How Long Does Probate Last?

How Long Does Probate Last?The probate process in Illinois can last up to twelve months. The exact duration will depend on a range of factors, including the number and value of assets in the deceased’s estate, the amount of debt owed, and whether someone decides to contest the will. If a dispute arises, it could extend the probate process significantly. The court won’t be able to validate a person’s will until it settles all legal matters.

What Is Probate?

Probate is the legal procedure of reviewing and validating someone’s will before distributing assets to beneficiaries. A probate judge must oversee this process to protect anyone who has a legal interest in the deceased’s estate.

Probate doesn’t only serve to ensure that the property gets transferred to the appropriate beneficiaries or heirs. It also establishes debts and taxes. If the deceased had debt at the time of their death, creditors could come after the estate to satisfy the debt. There are also taxable assets within the estate that upon which tax must be paid after someone passes away.

The person creating the estate is called the testator. They can designate an executor or administrator to manage the estate upon their death. Once the court resolves any issues and validates the will, the executor or administrator can proceed with distributing the assets according to the testator’s wishes as outlined in the legal document.

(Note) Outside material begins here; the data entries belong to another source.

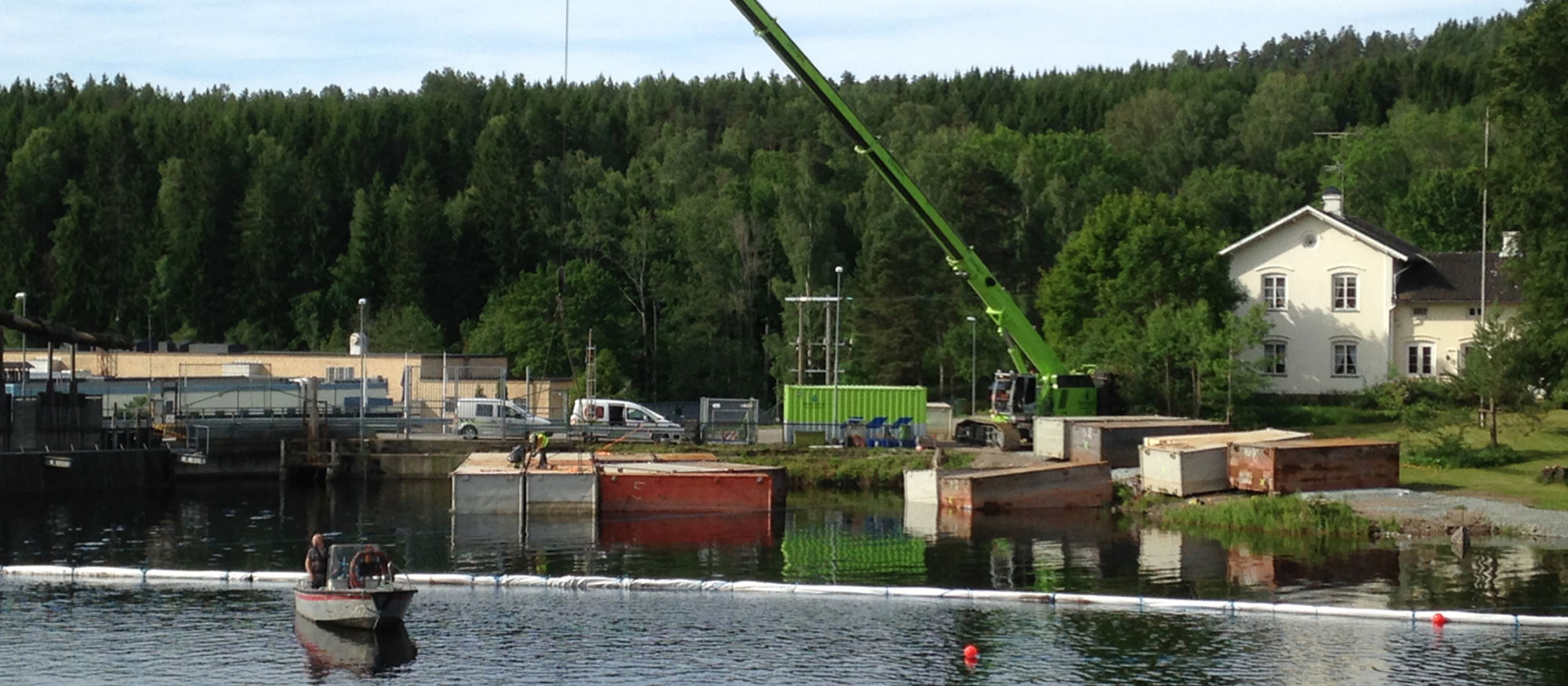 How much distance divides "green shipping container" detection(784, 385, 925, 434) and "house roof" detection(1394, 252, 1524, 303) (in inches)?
1003

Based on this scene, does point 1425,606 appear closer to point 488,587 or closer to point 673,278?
point 488,587

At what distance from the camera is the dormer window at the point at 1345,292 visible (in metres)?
86.6

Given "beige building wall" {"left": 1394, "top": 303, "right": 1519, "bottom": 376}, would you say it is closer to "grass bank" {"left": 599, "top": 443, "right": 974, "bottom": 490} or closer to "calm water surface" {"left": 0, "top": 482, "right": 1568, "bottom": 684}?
"grass bank" {"left": 599, "top": 443, "right": 974, "bottom": 490}

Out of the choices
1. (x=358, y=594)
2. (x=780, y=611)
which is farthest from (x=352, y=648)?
(x=780, y=611)

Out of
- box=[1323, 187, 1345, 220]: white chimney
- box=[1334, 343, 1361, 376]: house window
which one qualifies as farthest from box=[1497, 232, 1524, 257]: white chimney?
box=[1323, 187, 1345, 220]: white chimney

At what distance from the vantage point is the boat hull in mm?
37312

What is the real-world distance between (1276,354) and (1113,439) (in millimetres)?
25492

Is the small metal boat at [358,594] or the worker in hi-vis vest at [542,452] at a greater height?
the worker in hi-vis vest at [542,452]

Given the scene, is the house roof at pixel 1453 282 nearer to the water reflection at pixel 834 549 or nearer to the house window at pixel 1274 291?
the house window at pixel 1274 291

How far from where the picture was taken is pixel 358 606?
3747cm

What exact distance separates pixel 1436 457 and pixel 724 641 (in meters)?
34.7

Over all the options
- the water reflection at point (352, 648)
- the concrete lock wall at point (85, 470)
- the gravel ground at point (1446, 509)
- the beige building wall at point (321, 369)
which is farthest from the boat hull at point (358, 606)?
the beige building wall at point (321, 369)

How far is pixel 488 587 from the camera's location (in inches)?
1751

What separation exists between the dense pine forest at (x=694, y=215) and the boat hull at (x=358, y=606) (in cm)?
4807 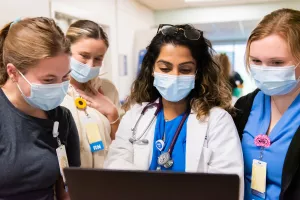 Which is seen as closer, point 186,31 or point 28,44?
point 28,44

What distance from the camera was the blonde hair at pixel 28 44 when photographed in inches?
48.1

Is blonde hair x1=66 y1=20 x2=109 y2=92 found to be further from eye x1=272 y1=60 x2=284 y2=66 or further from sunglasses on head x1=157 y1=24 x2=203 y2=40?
eye x1=272 y1=60 x2=284 y2=66

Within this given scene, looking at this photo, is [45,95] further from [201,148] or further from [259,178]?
[259,178]

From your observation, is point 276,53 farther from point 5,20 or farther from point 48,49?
point 5,20

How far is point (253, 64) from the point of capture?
1.35 m

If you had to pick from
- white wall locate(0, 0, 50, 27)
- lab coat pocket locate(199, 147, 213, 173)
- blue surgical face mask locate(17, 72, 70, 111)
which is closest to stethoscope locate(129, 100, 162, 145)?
lab coat pocket locate(199, 147, 213, 173)

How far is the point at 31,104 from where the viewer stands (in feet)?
4.23

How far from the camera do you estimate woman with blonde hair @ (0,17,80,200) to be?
1176 millimetres

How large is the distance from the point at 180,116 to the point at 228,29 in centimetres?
765

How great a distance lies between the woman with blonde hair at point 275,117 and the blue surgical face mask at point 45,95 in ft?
2.62

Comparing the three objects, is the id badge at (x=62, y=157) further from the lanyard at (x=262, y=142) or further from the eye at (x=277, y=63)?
the eye at (x=277, y=63)

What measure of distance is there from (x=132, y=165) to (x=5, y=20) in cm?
201

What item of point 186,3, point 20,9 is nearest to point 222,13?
point 186,3

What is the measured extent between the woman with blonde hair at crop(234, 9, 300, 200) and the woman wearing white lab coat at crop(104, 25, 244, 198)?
0.35 ft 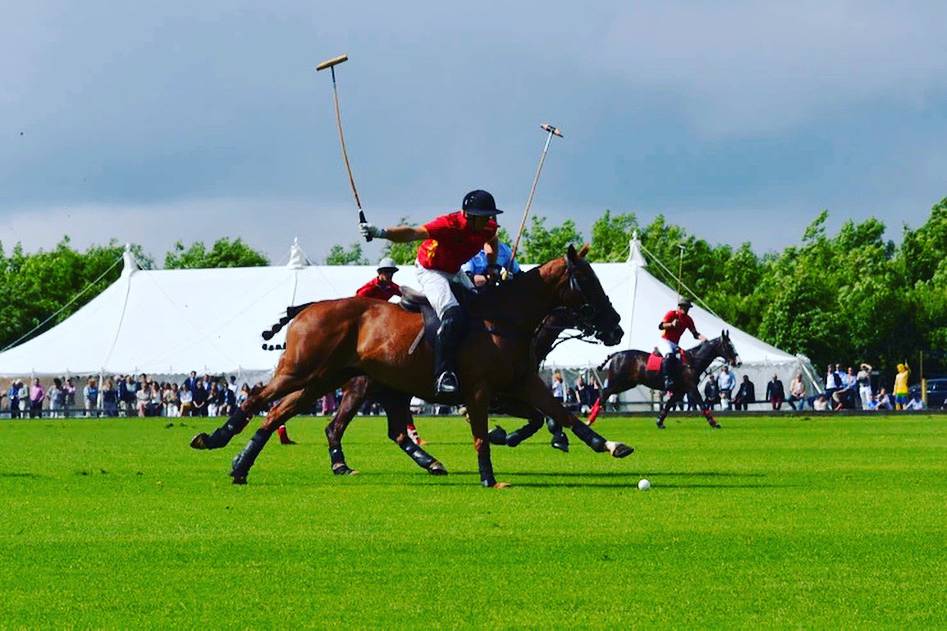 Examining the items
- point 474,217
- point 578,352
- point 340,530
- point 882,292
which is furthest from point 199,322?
point 340,530

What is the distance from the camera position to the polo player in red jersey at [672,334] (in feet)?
117

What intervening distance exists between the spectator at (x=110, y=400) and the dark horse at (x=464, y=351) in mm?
44561

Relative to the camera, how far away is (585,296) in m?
15.8

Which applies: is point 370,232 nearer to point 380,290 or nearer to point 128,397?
point 380,290

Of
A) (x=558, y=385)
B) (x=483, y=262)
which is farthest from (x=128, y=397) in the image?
(x=483, y=262)

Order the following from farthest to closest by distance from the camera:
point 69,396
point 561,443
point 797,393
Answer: point 69,396 → point 797,393 → point 561,443

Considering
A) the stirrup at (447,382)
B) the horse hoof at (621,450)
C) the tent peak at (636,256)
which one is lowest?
the horse hoof at (621,450)

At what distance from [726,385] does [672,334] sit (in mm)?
21695

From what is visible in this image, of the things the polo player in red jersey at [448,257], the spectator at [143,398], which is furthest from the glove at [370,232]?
the spectator at [143,398]

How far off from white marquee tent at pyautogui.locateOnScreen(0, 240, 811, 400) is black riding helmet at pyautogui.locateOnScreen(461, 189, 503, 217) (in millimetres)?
42117

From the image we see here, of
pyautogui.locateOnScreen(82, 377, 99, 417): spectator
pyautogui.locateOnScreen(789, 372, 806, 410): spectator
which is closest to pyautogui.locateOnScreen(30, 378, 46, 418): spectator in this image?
pyautogui.locateOnScreen(82, 377, 99, 417): spectator

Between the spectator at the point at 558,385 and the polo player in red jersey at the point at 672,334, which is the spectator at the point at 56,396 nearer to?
the spectator at the point at 558,385

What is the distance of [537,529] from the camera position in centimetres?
1098

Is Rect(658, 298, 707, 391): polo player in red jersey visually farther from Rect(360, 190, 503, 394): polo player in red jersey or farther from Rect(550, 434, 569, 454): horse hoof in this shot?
Rect(360, 190, 503, 394): polo player in red jersey
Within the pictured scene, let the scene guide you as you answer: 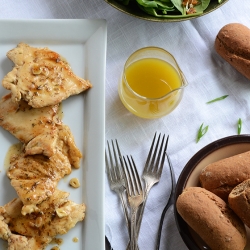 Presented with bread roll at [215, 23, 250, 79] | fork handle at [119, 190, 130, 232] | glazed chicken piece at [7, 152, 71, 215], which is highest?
glazed chicken piece at [7, 152, 71, 215]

All estates do not have to go through probate in Illinois. If the estate’s value exceeds $100,000, probate is a requirement, with some exceptions. These exceptions include:

  • Life insurance proceeds
  • Jointly titled assets
  • Retirement funds with a beneficiary other than the deceased’s estate

Any assets held in a revocable living trust don’t have to go through probate.

Navigating the Probate Process

How Long Does Probate Last?In Illinois, the executor or administrator of the estate is responsible for:

  • Paying outstanding debts, estate expenses, and taxes
  • Identifying all assets to distribute to named beneficiaries
  • Managing assets in the estate during probate
  • Distributing remaining assets to heirs or designees
  • Making additional distributions as required by state law

The executor or administrator must file the original copy of the deceased’s will with the appropriate probate court. That begins the probate process, and a judge will review everything to determine whether the will is valid.

If problems arise, such as a dispute among heirs about who should receive certain property, the probate judge will handle it. After resolving all disputes, the executor or administrator can ask the judge if they can distribute the assets and pay estate taxes and any creditors. Once that’s completed, the court should receive notification to close the estate.

Factors Affecting the Length of Probate

Probate shouldn’t take longer than twelve months. However, the court must resolve all issues before the executor or administrator can carry out their duties. Any of these circumstances could delay the process:

  • More than one beneficiary – When the testator names multiple beneficiaries, the court must locate each person to inform them of their inheritance. Beneficiaries are supposed to complete and sign various forms as well. All of this can extend the probate process even more.
  • Estate taxes – The Internal Revenue Service becomes involved in probate if the estate must file tax returns. Typically, IRS processing of all necessary paperwork doesn’t occur until months after the executor or administrator of the estate files the taxes.
  • Unusual assets – Some property in the estate is unique and it could take time to determine the appropriate value. Oil rights, patents, collectibles, and other rare items require tax returns to be filed. The IRS might believe the value of an asset is much less than the executor or administrator thinks. That can bring the process of probate to a standstill while sorting out the issue.
  • Asset disputes – Sometimes, family members aren’t happy with how the executor handles the estate or believes they deserve property the deceased left to someone else. Some parties could file a lawsuit, and the probate judge must intervene to try to resolve the dispute. This creates challenges because you can’t settle an estate while it’s in litigation.

Contact Us

The Chicago probate lawyers of Peck Ritchey, LLC have over 100 years of combined legal experience in estate cases. We can guide you through the probate process and help resolve any disputes you face. We’re familiar with state laws and how to effectively handle legal proceedings so you receive the assets you deserve and ensure you can carry out your loved one’s final wishes.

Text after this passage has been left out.